WORK REQUIRED: What the answer must contain is every line of the records, exactly, with no pictures.

MATERIAL SUPPLIED:
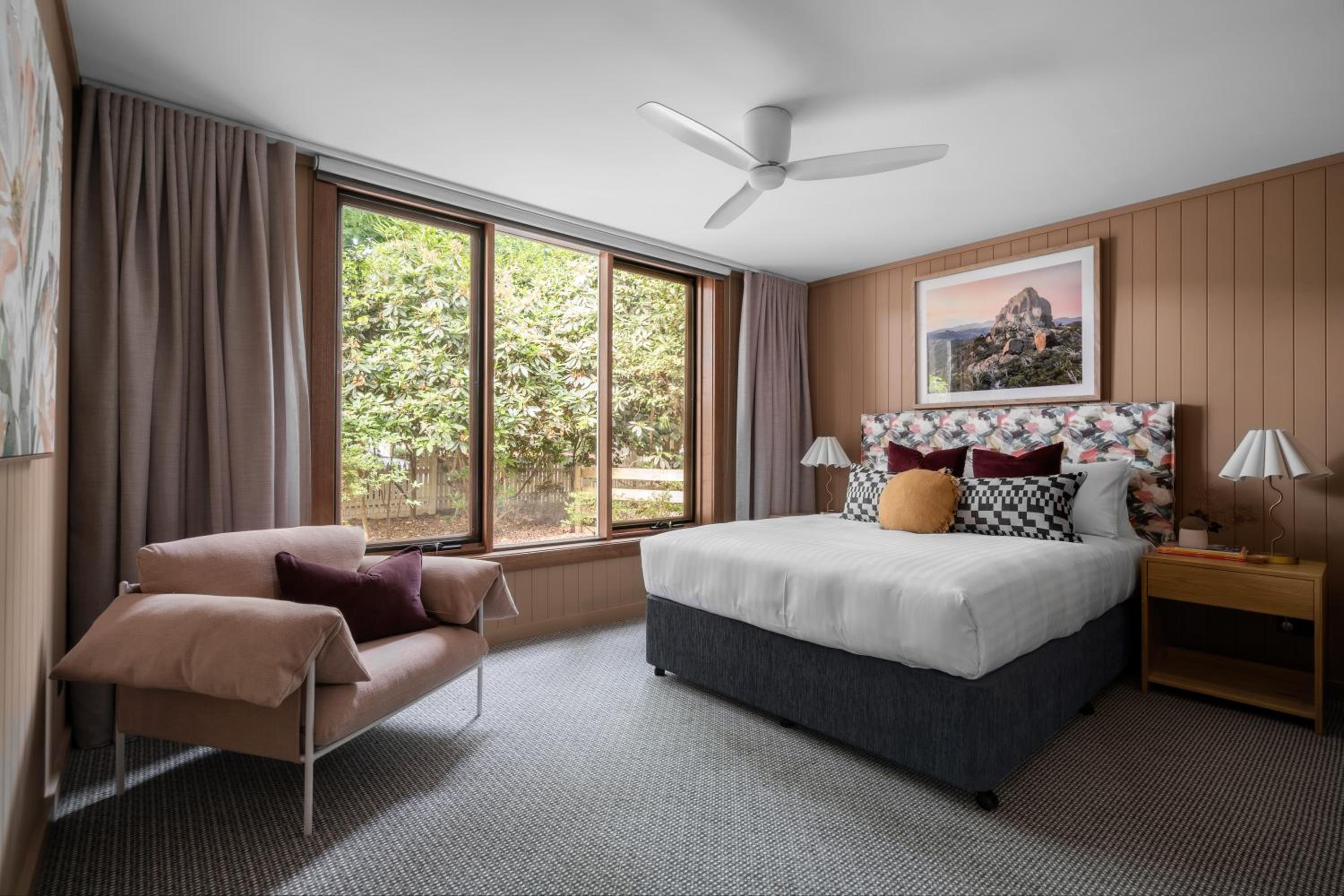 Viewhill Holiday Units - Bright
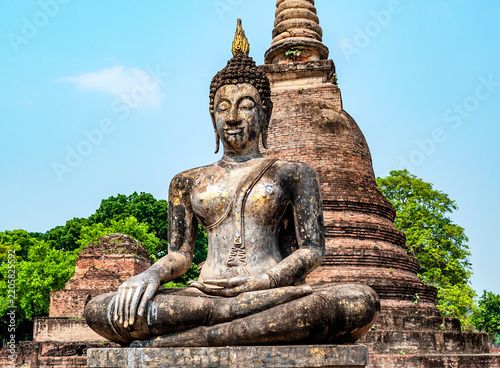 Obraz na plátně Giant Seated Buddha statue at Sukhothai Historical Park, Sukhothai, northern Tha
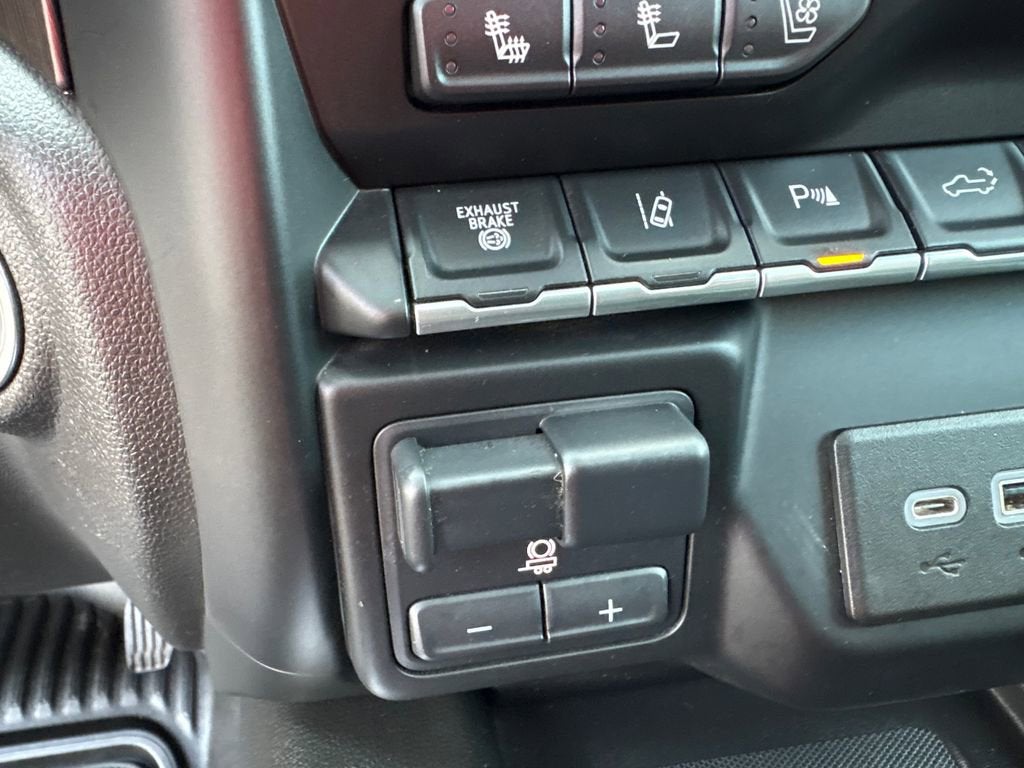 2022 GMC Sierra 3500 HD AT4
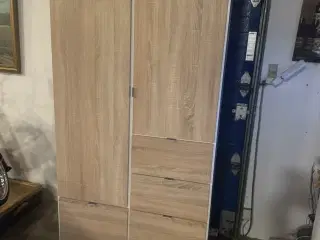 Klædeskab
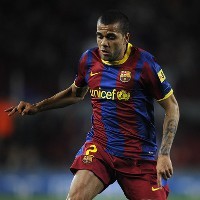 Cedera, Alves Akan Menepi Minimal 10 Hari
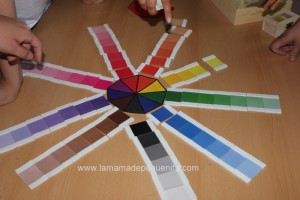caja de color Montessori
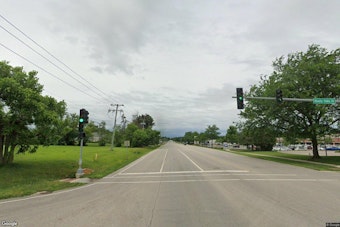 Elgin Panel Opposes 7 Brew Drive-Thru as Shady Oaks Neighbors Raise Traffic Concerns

SOLUTION TO THE EXERCISE:
 Viewhill Holiday Units - Bright
 Obraz na plátně Giant Seated Buddha statue at Sukhothai Historical Park, Sukhothai, northern Tha
 2022 GMC Sierra 3500 HD AT4
 Klædeskab
 Cedera, Alves Akan Menepi Minimal 10 Hari
caja de color Montessori
 Elgin Panel Opposes 7 Brew Drive-Thru as Shady Oaks Neighbors Raise Traffic Concerns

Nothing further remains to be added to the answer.